He halted at the stall next but one to his own. His men lay there heavy with sleep. There was no sign of Kim or the lama.
‘Up!’ He stirred a sleeper. ’Whither went those who lay here last even — the lama and the boy? Is aught missing?’
‘Nay,’ grunted the man, ’the old madman rose at second cockcrow saying he would go to Benares, and the young one led him away.’
‘The curse of Allah on all unbelievers!’ said Mahbub heartily, and climbed into his own stall, growling in his beard.
But it was Kim who had wakened the lama — Kim with one eye laid against a knot-hole in the planking, who had seen the Delhi man’s search through the boxes. This was no common thief that turned over letters, bills, and saddles — no mere burglar who ran a little knife sideways into the soles of Mahbub’s slippers, or picked the seams of the saddle-bags so deftly. At first Kim had been minded to give the alarm — the long-drawn choor — choor! [thief! thief!] that sets the serai ablaze of nights; but he looked more carefully, and, hand on amulet, drew his own conclusions.

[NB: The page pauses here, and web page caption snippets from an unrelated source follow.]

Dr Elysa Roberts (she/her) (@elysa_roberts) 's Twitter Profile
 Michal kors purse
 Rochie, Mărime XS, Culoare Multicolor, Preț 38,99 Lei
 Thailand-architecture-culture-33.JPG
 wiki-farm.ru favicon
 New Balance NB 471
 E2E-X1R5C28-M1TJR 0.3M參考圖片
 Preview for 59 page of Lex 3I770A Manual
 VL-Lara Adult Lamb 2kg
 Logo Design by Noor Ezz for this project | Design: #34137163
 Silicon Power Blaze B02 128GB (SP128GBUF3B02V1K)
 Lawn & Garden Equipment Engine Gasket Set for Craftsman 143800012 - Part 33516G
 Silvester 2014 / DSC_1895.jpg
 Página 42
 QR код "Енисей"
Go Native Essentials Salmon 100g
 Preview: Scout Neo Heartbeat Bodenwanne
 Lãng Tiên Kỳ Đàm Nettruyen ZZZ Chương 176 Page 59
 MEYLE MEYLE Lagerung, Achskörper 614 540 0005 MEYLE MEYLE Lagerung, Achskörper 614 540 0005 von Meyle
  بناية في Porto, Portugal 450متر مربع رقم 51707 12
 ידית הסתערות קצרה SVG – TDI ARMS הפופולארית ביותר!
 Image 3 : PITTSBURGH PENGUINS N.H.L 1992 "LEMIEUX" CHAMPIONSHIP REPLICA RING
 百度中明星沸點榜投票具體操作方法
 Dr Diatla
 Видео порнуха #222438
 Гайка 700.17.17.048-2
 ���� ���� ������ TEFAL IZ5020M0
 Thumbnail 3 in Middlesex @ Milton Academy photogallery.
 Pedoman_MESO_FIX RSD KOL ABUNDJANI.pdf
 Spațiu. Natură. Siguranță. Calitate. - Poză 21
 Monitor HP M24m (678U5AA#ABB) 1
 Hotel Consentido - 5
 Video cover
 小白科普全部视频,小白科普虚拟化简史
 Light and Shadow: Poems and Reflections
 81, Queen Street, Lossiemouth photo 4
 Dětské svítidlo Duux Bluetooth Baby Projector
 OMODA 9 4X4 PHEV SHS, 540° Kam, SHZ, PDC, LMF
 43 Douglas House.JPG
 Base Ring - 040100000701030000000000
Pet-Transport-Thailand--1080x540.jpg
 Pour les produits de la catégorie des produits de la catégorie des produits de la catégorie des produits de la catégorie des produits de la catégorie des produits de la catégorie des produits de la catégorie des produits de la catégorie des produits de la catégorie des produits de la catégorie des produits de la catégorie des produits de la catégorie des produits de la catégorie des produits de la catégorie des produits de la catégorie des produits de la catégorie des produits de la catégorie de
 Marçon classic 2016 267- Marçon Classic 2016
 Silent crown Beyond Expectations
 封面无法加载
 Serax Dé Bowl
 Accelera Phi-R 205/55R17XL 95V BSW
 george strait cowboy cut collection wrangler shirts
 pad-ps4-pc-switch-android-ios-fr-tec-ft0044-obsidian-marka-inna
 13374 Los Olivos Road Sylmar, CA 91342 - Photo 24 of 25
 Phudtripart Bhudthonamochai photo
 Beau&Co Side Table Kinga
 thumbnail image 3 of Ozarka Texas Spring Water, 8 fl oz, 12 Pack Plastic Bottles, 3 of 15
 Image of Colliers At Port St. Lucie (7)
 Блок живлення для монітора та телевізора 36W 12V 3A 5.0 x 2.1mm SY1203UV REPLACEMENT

‘It must be the pedigree of that made-up horse-lie,’ said he, ’the thing that I carry to Umballa. Better that we go now. Those who search bags with knives may presently search bellies with knives. Surely there is a woman behind this. Hai! Hai! in a whisper to the light-sleeping old man. ’Come. It is time — time to go to Benares.’
The lama rose obediently, and they passed out of the serai like shadows.
And whoso will, from Pride released;
Contemning neither creed nor priest,
May feel the Soul of all the East.
About him at Kamakura.
Buddha at Kamakura.
They entered the fort-like railway station, black in the end of night; the electrics sizzling over the goods-yard where they handle the heavy Northern grain-traffic.
‘This is the work of devils!’ said the lama, recoiling from the hollow echoing darkness, the glimmer of rails between the masonry platforms, and the maze of girders above. He stood in a gigantic stone hall paved, it seemed, with the sheeted dead third-class passengers who had taken their tickets overnight and were sleeping in the waiting-rooms. All hours of the twenty-four are alike to Orientals, and their passenger traffic is regulated accordingly.
’This is where the fire-carriages come. One stands behind that hole’ — Kim pointed to the ticket-office — ’who will give thee a paper to take thee to Umballa.’
‘But we go to Benares,’ he replied petulantly.
‘All one. Benares then. Quick: she comes!’
‘Take thou the purse.’
The lama, not so well used to trains as he had pretended, started as the 3.25 a.m. south-bound roared in. The sleepers sprang to life, and the station filled with clamour and shoutings, cries of water and sweetmeat vendors, shouts of native policemen, and shrill yells of women gathering up their baskets, their families, and their husbands.